According to Bureau of Crime statistics and research, Aboriginal people in custody were younger when they first interacted with police and when they were first convicted compared to non-Aboriginal people in custody, and experienced higher rates of contact at all levels of the criminal justice system.

Mundine said Deadly Connections works with Aboriginal people, families and communities experiencing the intersection of the child protection and justice systems, to keep young people out of detention.

“There is a lot of research and statistics in these submissions [to the inquiry] but there is not a lot of research that prison actually works,” Mundine said.

“When you enter at 10 or 14 and have a criminal record, what future do you have? One that’s dependent on welfare and government housing. And if that’s not adequate enough, what resources do you turn to? Illegal activity. So there’s a lot of factors that need to be addressed to make a big impact in this climate, and to change this overwhelming and shockingly disproportionate rates of my people that are entrenched in the child protection and justice system,” he said.
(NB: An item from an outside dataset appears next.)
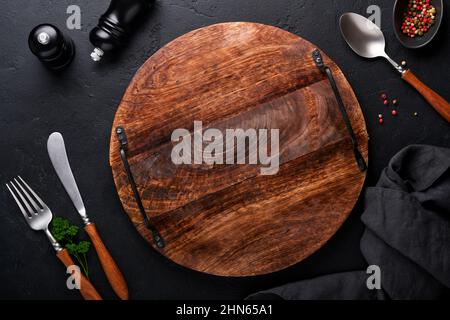 Vintage silverware. Rustic vintage set of wooden spoon and fork on wooden platter on black background. Empty dishes. Top view. Mock up. Stock Photo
Earlier, the Change the Record coalition – representing national justice groups working to end the disproportionate incarceration of Aboriginal and Torres Strait Islander peoples – reiterated its call to raise the age of criminal responsibility from 10 years old to at least 14.

The parliamentary inquiry has been set up to look into “the unacceptably high level” of Aboriginal people in custody, the suitability of the organisations that investigate deaths, and how they could be improved.

The committee will hold further hearings in early December.